Stephen Waddington is partner and chief engagement officer at Ketchum and visiting professor at Newcastle University.

10 years on from media and tech writer Tom Foremski's polemic against the press release Die! Press release! Die! Die! Die! the format shows no signs of giving up.

Foremski lamented the abuse of this general purpose document that has been mangled as a means of community engagement with a variety of marketing audiences or publics.

Time to pension off the press release?

​Despite the fragmentation of media, a shift to more personalised forms of communication, and the ability to create audio, text and video content, organisations remain fixated by a medium that is more than a 100 years old.

We’ve all a war story about a press release we’ve had to write to satisfy the ego of a boss or client that has zero news value.

The format was adopted and distorted by search agencies seeking to spray backlinks around the web until Google cut short their fun with an algorithm change.

Today progressive agencies and in-house teams push hard against the frequent call for a press release, making the case for alternative formats.

The UK government’s executive communication director Alex Aiken has rallied against sending out stuff for the sake of it, calling on press officers to become content producers.

Eight reasons the press release remains a dominant content format

There's plenty of reasons that the press release is alive and kicking.

1. Workflow

Press releases are well understood by organisations.
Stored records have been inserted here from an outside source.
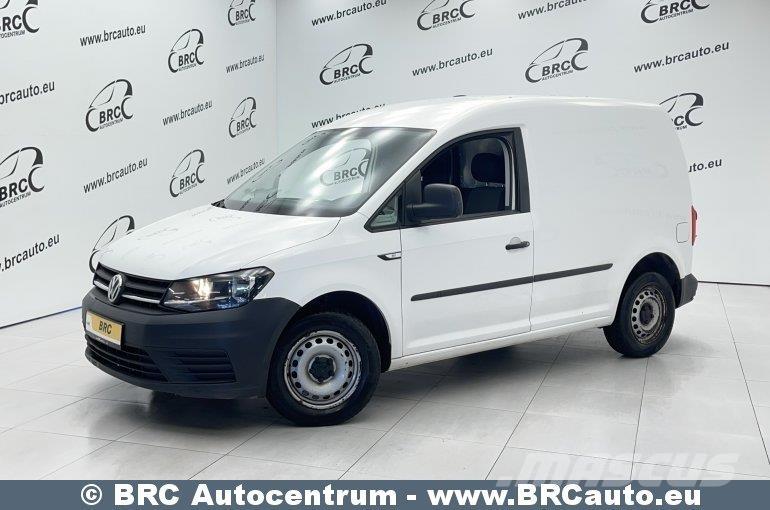 Volkswagen Caddy Sanduk kombiji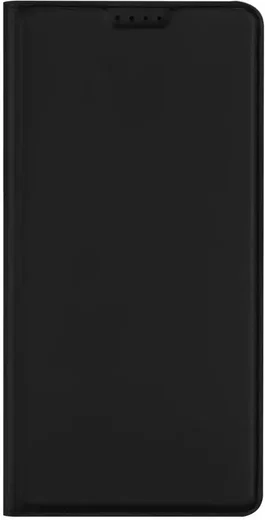 Dux Ducis Skin Pro Motorola Moto G14 Hoesje Portemonnee Zwart afbeelding 10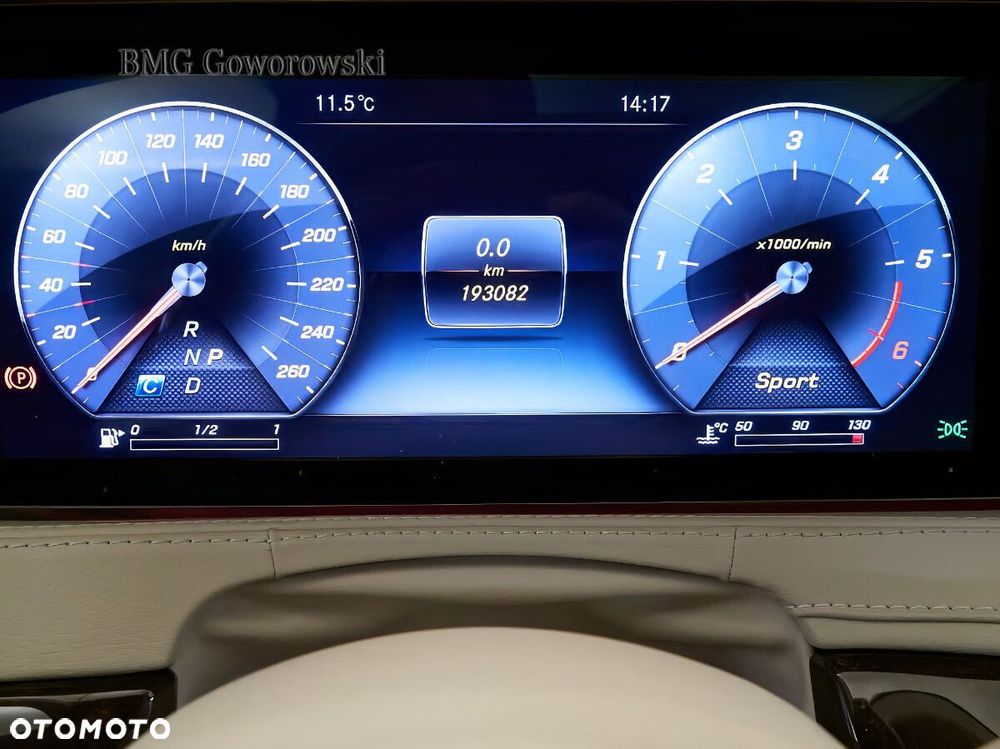 Mercedes-Benz Klasa S 350 d 4-Matic L 9G-TRONIC - 26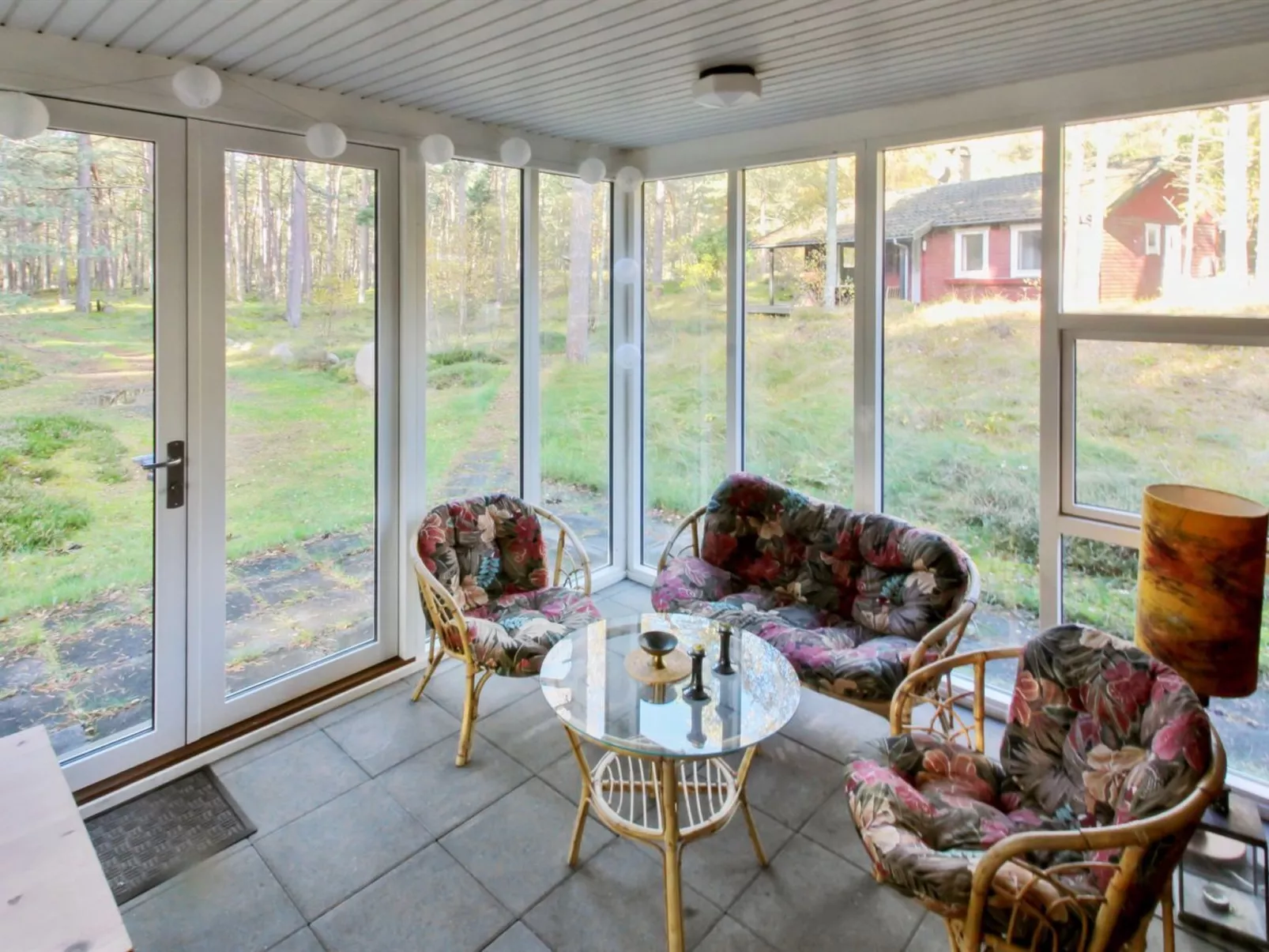 "Fredsine" - 1.2km from the sea-Binnen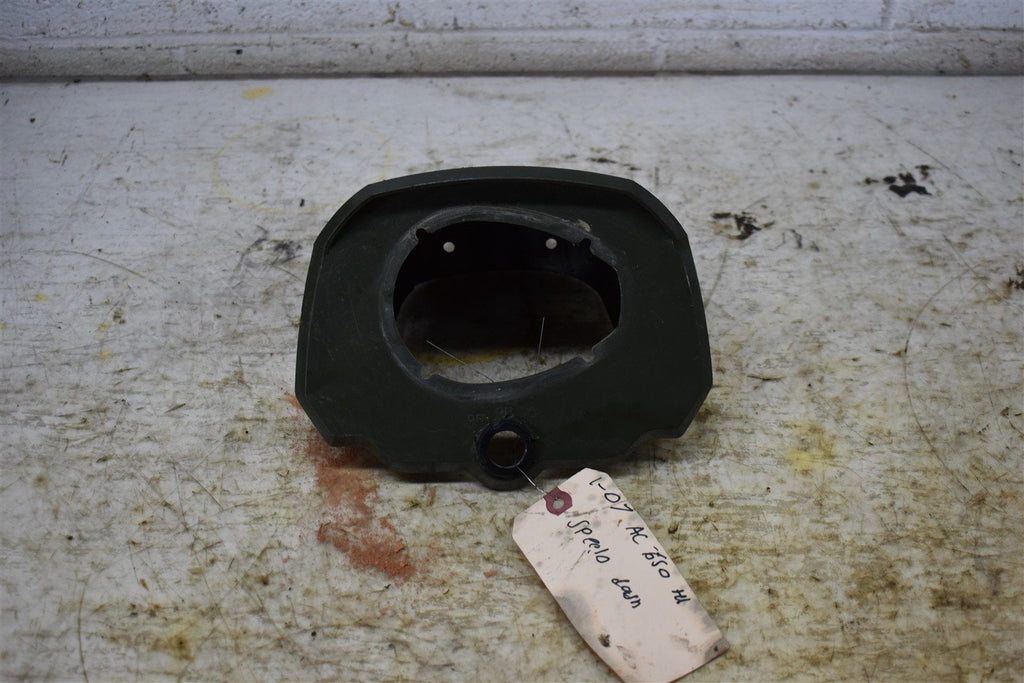 2007 Arctic Cat 650 H1 FIS Speedometer Bezel/ Housing 0405-189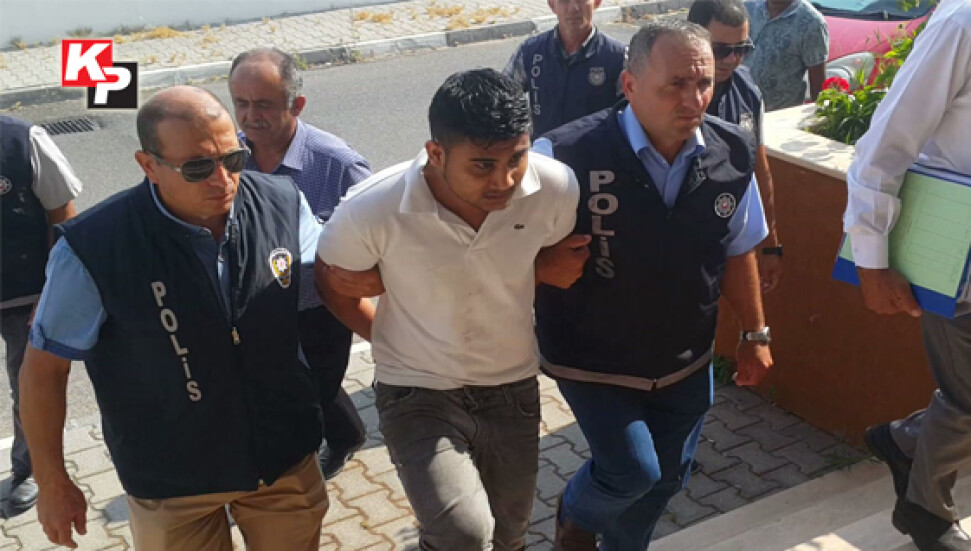 Salman, Özgöçmen'in boğazını kemerle sıkarak öldürdüğünü itiraf etti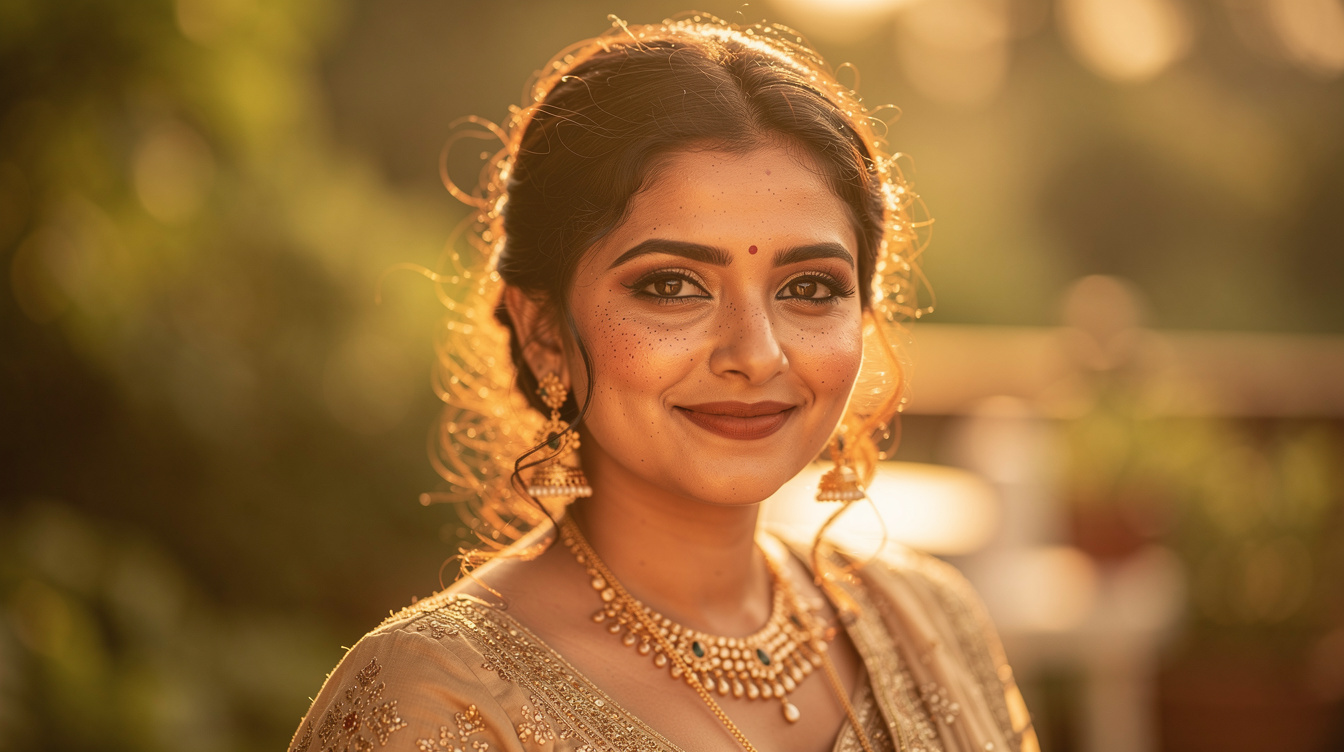 Rajasthani Bridal Makeup: Complete Guide to the Traditional Look - Shivangi Verma Makeup Studio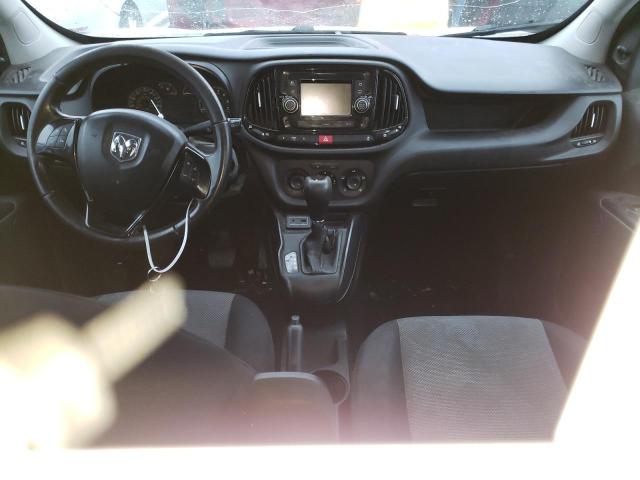Photo 8 from auction – 2017 RAM PROMASTER with VIN ZFBERFAB8H6D21314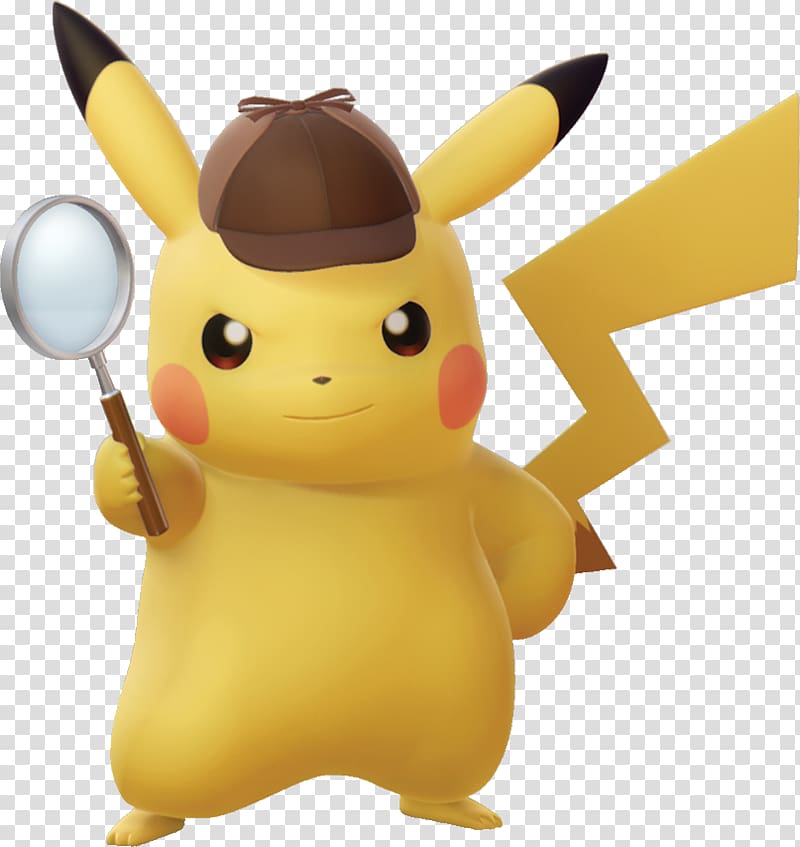 Detective Pikachu Pokémon GO Pokkén Tournament, pikachu transparent background PNG clipart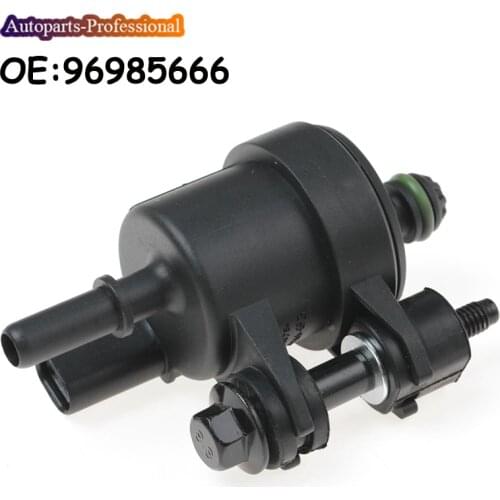 Car Auto accessorie Canister Purge Control Valve Solenoid For 13-15 Chevrolet Spark 1.2L-L4 96985666 0280142502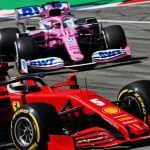 'Temerario no preocuparse por la amenaza de Ferrari'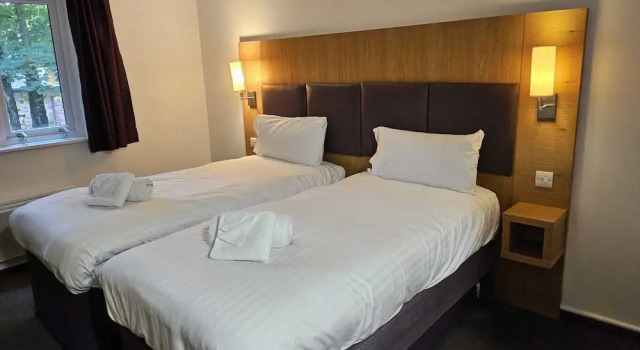 Двухместный номер Standard Middleton Inn, Manchester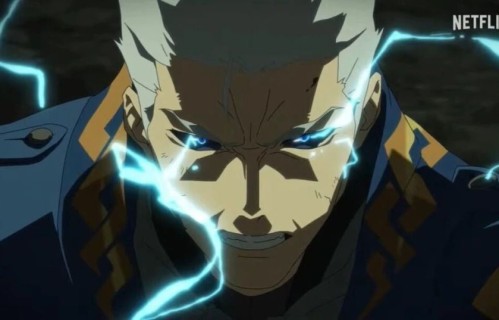 网飞《鬼泣》第二季动画官方预告片发布 5月正式开播！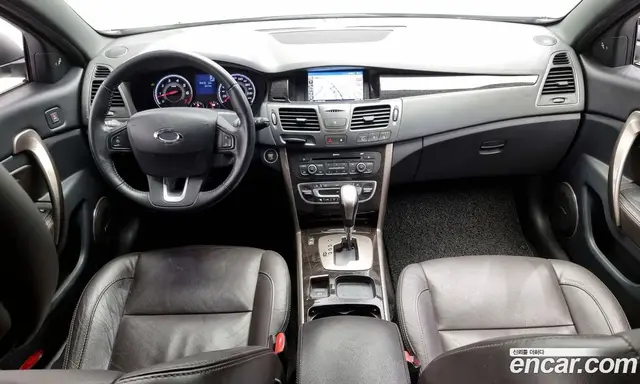Renault (Samsung) SM5 2014 2.0 автомат (гидро), миниатюра 7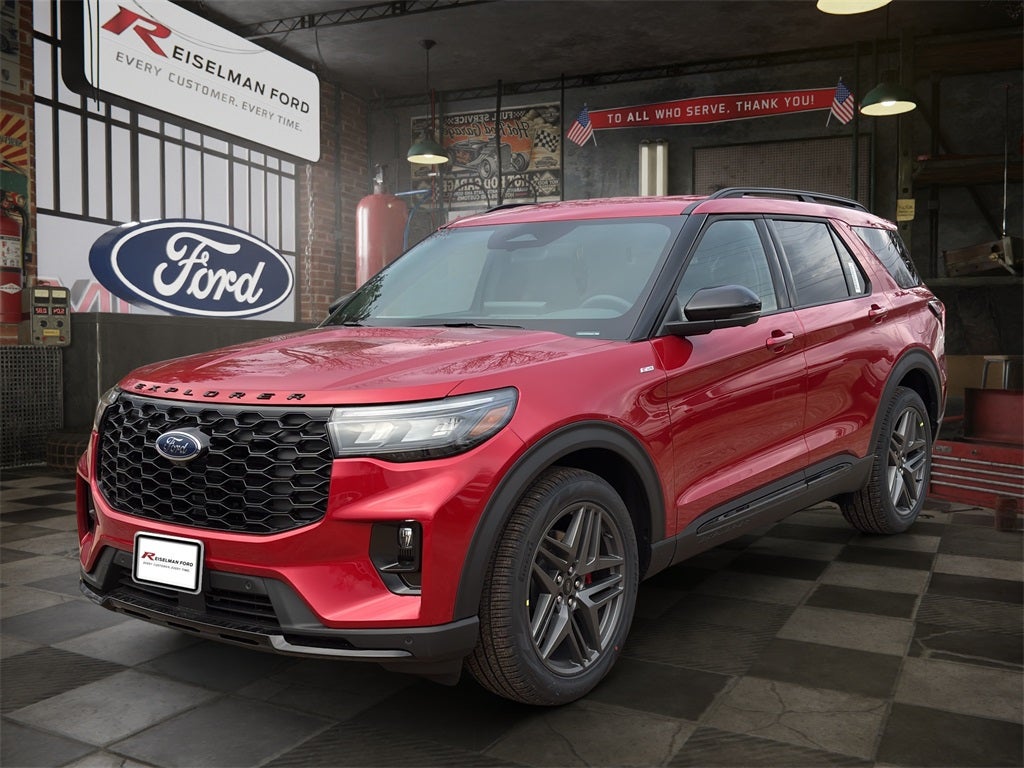New 2026 Ford Explorer - photo 2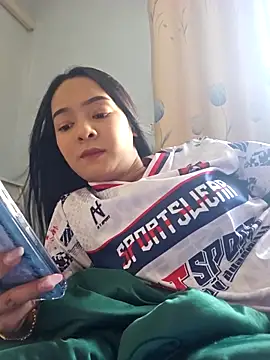 Natural Asian Girl online show from 11.15.25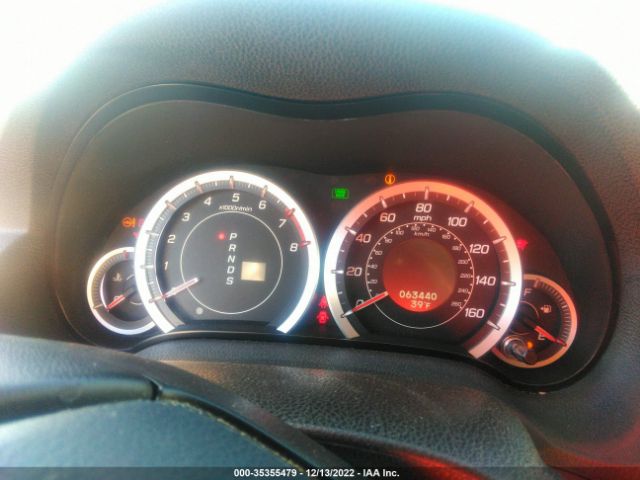 JH4CU4F64BC000345 Acura TSX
It's a common format, created through a process of iteration and approval, for communication with external publics. Everyone know how they work.

2. Legislative requirement

In many financial markets around the world, statements about public companies must be made on a wire service. The press release is a legal form of communication.

3. Web fodder

Here's a dirty secret. Most press releases aren't written for the press. Instead they are a general purpose document mangled and posted in a corporate website as a political pacifier to a multitude of audiences. Office politics can be heavily involved.

4. Vendor market

Press release distribution is a buoyant business. Cision’s $841m acquisition of PR Newswire at the end of 2015 confirmed that the press release remains a primary form of content and distribution.

5. Volumes

Data is hard to come by as vendors are tediously opaque but my hunch is that more press releases than ever are being pushed out onto the web. Our professions are filling the internet with lousy content that no one will read.

6. Scale

A lot of corporate communication and marketing teams still take comfort from how distributing a press release on a wire service will ensure that a story gets pushed out to a multitude of websites and indexed by Google.

7. Innovation

Smart vendors have spotted the opportunity to add a modern twist to the traditional press release format, giving rise to the social media press, and social media newsroom. It still looks and smells very much like a press release.

8. Dominance of media relations in practice

The CIPR’s State of Public Relations data from the past six years records media relations as the profession’s dominant activity by agency and in-house practitioners alike.

The press release is much maligned and abused as a format of content but it’s well understood. It’s a fundamental part of content marketing and public relations that is deeply embedded in organisational communication.

My hunch is that I’ll still be writing press releases for clients in 10 years’ time.